Ever since the increasing in trend towards gaming we are becoming more familiar with the term called Graphics card or GPU(Graphics processing unit). GPU's are critical part for game performance and we are seeing increasing performance with each passing year.
We will dive into the technicalities of GPU and explain it as simply as possible.
Why Don’t We Run Rendering With CPUs?
This is the first question which comes in every-bodies mind why we don’t use CPUs for rendering workloads in gaming in the first place. In theory we can run rendering workloads directly on a CPU. Earlier the games used to run entirely on the CPU but nowadays with advanced graphics and texture rendering the CPU that can handle this kind of performance are too costly to make. CPUs are designed to be general-purpose microprocessors and lack specialized hardware and capabilities that GPUs offer.
What’s a GPU?
GPU is a piece of hardware device that can map and perform tasks such as geometry setup and execution, texture mapping, memory access, and shaders. The term GPU was used by Nvidia with the launch of GeForce 256 because it has specif capabilities to handle extensive graphics tasks. The plus point of using GPU is that having a dedicated resources on-chip for handling specific types of workloads is more power efficient and faster.
Difference between CPU and GPU:
There are various differences between CPUs and GPUs. CPU's are typically designed to execute single-threaded code as quickly and efficiently as possible and this are improved by using features such as SMT / Hyper-Threading and multi-threaded performance. But till now maximum parallel cores that have been achieved by CPU are 32-core / 64-threads. If compared with lower end GPUs from Nvidia has 384 cores. Blocks in GPUs are designed to work in parallel, they structure their cards into blocks of computing resources. Nvidia calls these blocks an SM (Streaming Multiprocessor), while AMD refers to them as a Compute Unit.
Each block consists of group of cores, a scheduler, a register file, instruction cache, texture and L1 cache and texture mapping units. Performance of GPU's are basically defined in format like 4096:160:64. In this the GPU core count is the first number and larger the core count, faster is the GPU, provided we’re comparing within the same family.
Texture Mapping and Render Outputs:
These are the important components of a GPU, The number of texture mapping units in a design dictates how quickly GPU can address and map textures on to objects. The second term in GPU format 4096:160:64 defines texture mapping. Modern games require too much texture mapping hence more the number of mapping more are the better results.
Render outputs are where the GPU’s output is assembled into an image for display on a monitor or television.
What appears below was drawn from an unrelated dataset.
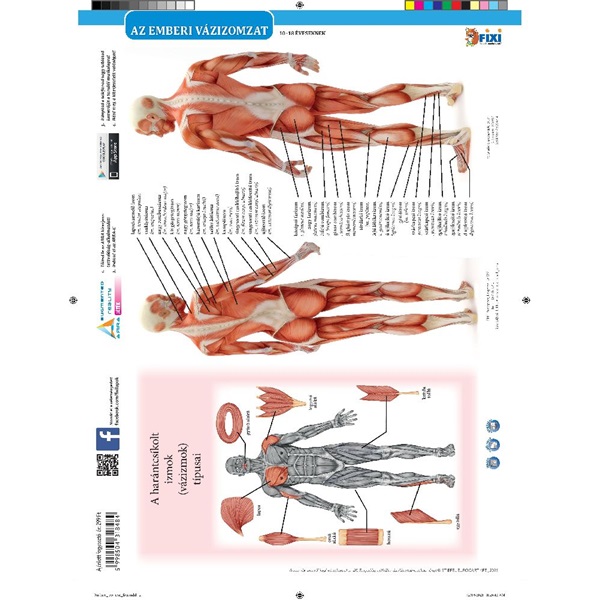 Az emberi vázizomzat duo fixi tanulói munkalap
Clock speed of the GPU multiplied by number of render outputs controls pixel count and higher the number of ROPs the more pixels GPU can be output simultaneously. ROPs also handle anti-aliasing.
Memory Bandwidth, Memory Capacity:
At last comes the memory bandwidth and memory capacity. Memory bandwidth is the amount of data that can be copied to and from the GPU’s dedicated VRAM buffer per second. Many advanced games require more memory bandwidth to keep steady frame rates because high amount of data flows into and out of the GPU core.
Next on board capacity is also important, this is because if amount of VRAM needed by game exceeds the GPUs capacity then, game copies data to CPU ram for storung additional data. But it takes the GPU vastly longer to pull data out of DRAM as opposed to its onboard pool of dedicated VRAM. But pulling data from RAM rather than quick pool of local memory leads to massive stuttering in the games.